Species distribution models (SDMs) predict species geographical distributions across an extent as a function of environmental features that constrain niche use and niche availability \cite{Soberon2005-nz}. There have been many discussions on the importance of feature selection in SDM \cite{Booth2014-le, Brandt2017-ze, Fourcade2018-ws}, but some key reviews have emphasised that scale selection can play a similarly important role \cite{mayor2009habitat,mcgarigal2016multi}. Even so, studies addressing scale directly have found equivocal results. For example \cite{Guisan2007-zu} modelled bird and plant distributions at multiple grain sizes, finding only small decreases in model accuracy at coarser grain sizes on average. Disaggregating these results by taxon, however, revealed significant decreases in accuracy at coarser grains for all plants, but only some birds. In addition, species with the least training data saw the largest decreases in accuracy. \cite{Seo2009-ms} further explored these patterns in nine plant species, comparing both model accuracy and the spatial patterns of distributions. They found model accuracy decreased consistently at coarser grain sizes, and that these decreases were species‐specific. They also found significant spatial disagreement between models of varying grain size for each species, which could have major consequences for spatial conservation planning \cite{faleiro2013defining}.

There are two principal approaches to modelling community‐scale patterns with EO. First is to predict the distributions of all species in a community, then overlay these outputs to estimate community composition (i.e. stacked SDMs; \cite{Thuiller2009-ou,Calabrese2014-ct}. Second is to model community diversity metrics via regression \cite{Gillespie2008-gi, Saatchi2008-jq}. As above, the role of scale in these approaches has been equivocal. For example \cite{Thuiller2015-mn} modelled multiple plant community diversity metrics in the French Alps using a stacked‐SDM approach at varying grain sizes. They found that estimates of functional diversity, phylogenetic diversity and species richness all varied independently with changes in grain size. Functional diversity was best predicted at the finest grain size (250 m), whereas phylogenetic diversity and species richness were best predicted at coarser grain sizes (1000 m), suggesting scale dependence at the community scale is often process specific.
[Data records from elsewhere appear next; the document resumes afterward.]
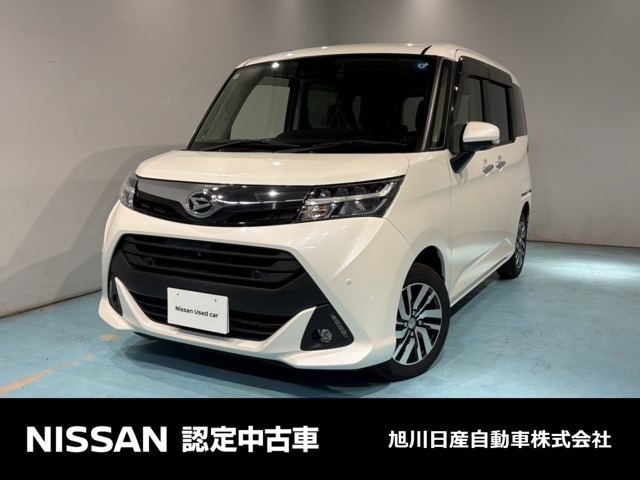 トール1.0 G リミテッドII SAIII 4WD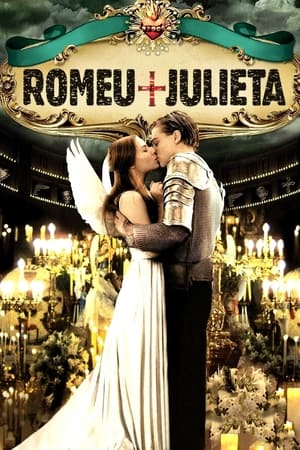 Poster Romeu + Julieta 1996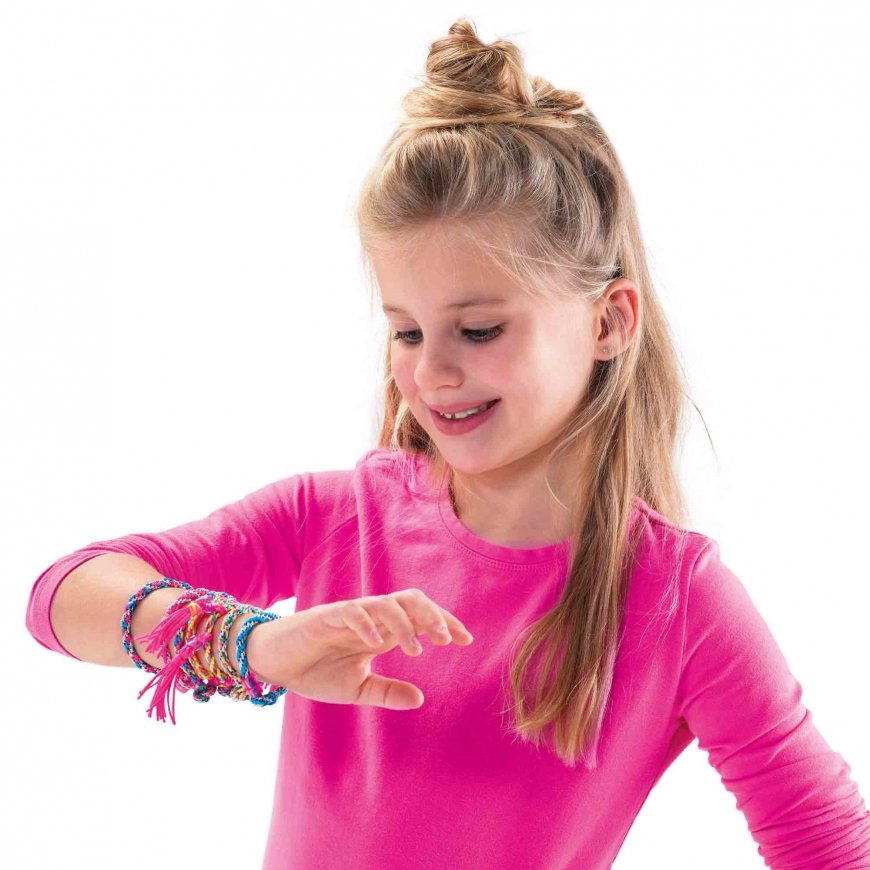 SES Creative BFF friendship bracelets – 5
Assessing scale dependence in regression approaches has been done by comparing species richness predictions across multiple sensors. For example \cite{Nagendra2010-cc} modelled plant species richness using features from a fine grain, low fidelity sensor (IKONOS) and a moderate grain, high fidelity sensor (Landsat). Since community diversity metrics assess within‐ and between‐grain variation, one may expect that fine‐grain EO better predict these patterns. On the other hand, high fidelity measurements may better discriminate the between‐grain variation in environmental features that predict spatial turnover in communities. \cite{Nagendra2010-cc} found that, despite the coarser grain size, Landsat‐based models better predicted plot‐level species richness. Though the IKONOS data matched the grain size of the field plots, they failed to meaningfully discriminate the spatial variation in environmental features that predicted spatial richness patterns. Further disentangling the effects of sensor fidelity from variations in measurement scales will help discriminate sensor dependence from scale dependence in modelling other biodiversity patterns.
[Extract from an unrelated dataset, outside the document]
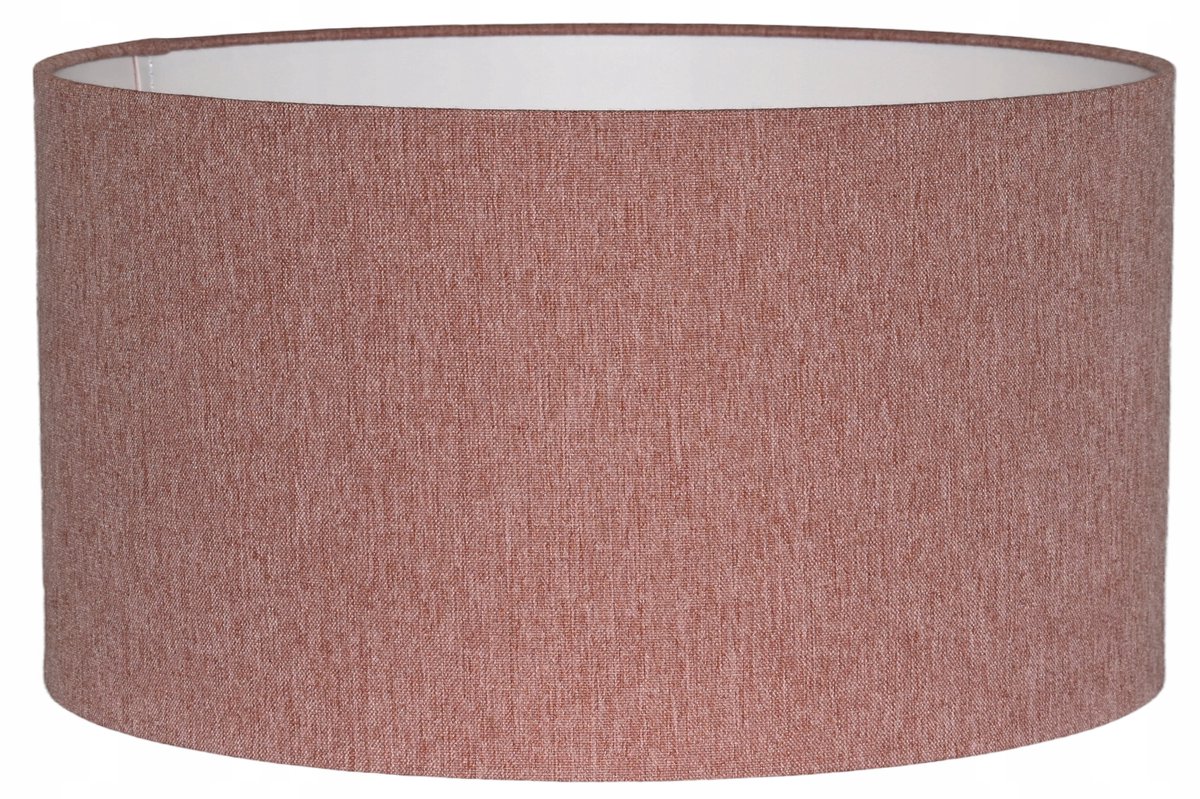 Lampvoet Cilinder 35/20 cm E27 Vuilroze Standaard/Hanglamp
\subsection{Linking Measurements and Models}

EO measurements and models of biodiversity patterns are tightly connected. They are both subject to pattern‐specific scale dependencies, and multi‐scale comparisons or sensitivity analyses are essential for quantifying and understanding these dependencies. Furthermore, when EO measurements are the features used to model biodiversity patterns, scale‐dependent measurement variation becomes embedded within the models. This might obfuscate process‐driven scale dependence for variation driven by changing measurement scales. Constraining scale‐dependent variation in EO measurements of biodiversity patterns, and disentangling this variation from variation driven by sensor fidelity, will be key for reducing uncertainties in multi‐scale modelling efforts. In the following section I review some other challenges linking measurements and models of biodiversity patterns, and opportunities for multi‐scale analyses to address these challenges.
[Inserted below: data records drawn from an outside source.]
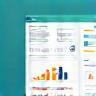 Icon representing a user dashboard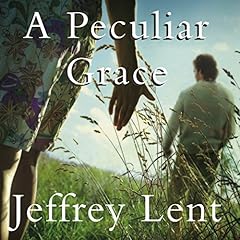A Peculiar Grace Audiolibro Por Jeffrey Lent arte de portada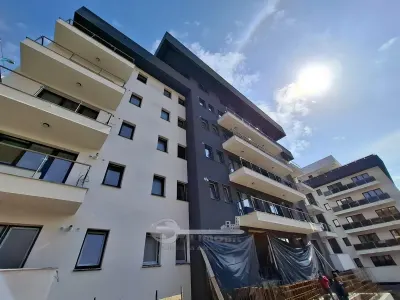 Apartament 1 camera de vanzare in Iasi, Galata, 42,53 mp, bloc nou - foto 8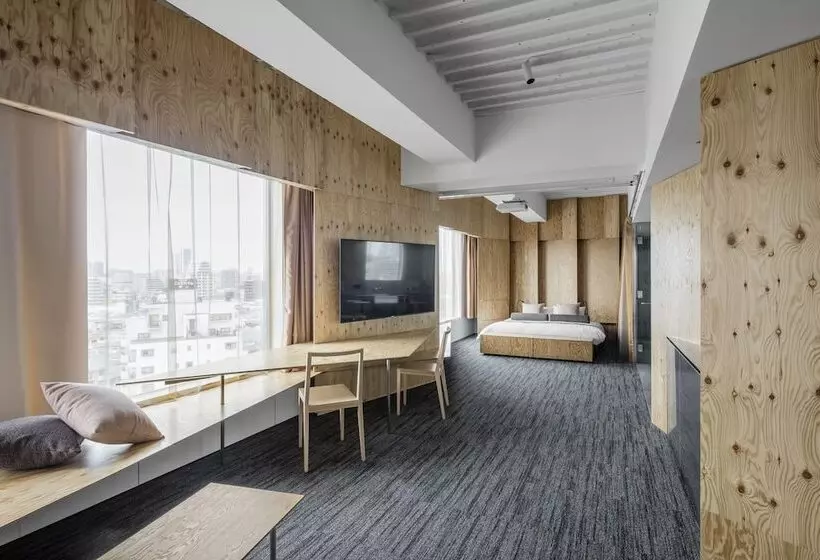 Fotos del hotel One@tokyo:  19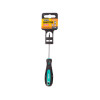 Викрутка магнітна TORX T6х75 мм ручка з покриттям TPR MASTERTOOL 49-0067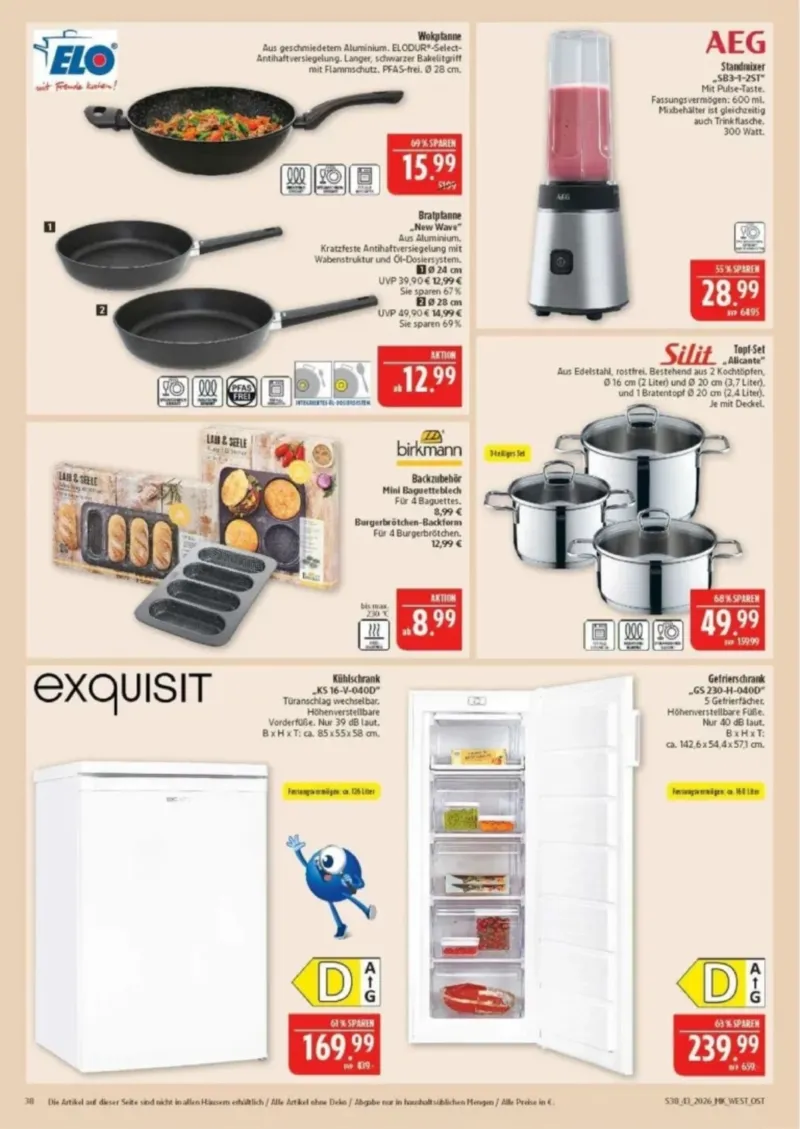 Marktkauf Prospekt vom 19.10.2026, Seite 38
\section{Translating Biodiversity Patterns Across Scales}

One central challenge linking field and EO data is overcoming scale mismatches. These mismatches occur where response and feature data are sampled at disparate and irreconcilable scales. The size of field plots (i.e., the response data) are often much smaller than the grain size of EO sensors (i.e., the feature data), which can obscure key patterns and processes operating between these scales. For example \cite{Cleveland2015-zt} modelled spatial patterns of net primary productivity across the Amazon basin using three models at three scales: from plot data upscaled to the study extent ($0.1\, ha$ grain size), from MODIS data collected across the full extent ($1\, km^2$ grain size) and from a community land model ($12,500\, km^2$ grain size). These methods calculated the same average net primary productivity across the Amazon, indicating a potential convergence of the processes driving forest productivity. However, results from the finer‐scale methods were shown to be spatially independent from the others, indicating that they converged on the same average results for different reasons. In this case, comparing multiple models at mismatched scales that calculated the same result can make it difficult to disaggregate the role of process from the role of scale in understanding spatial patterns of productivity.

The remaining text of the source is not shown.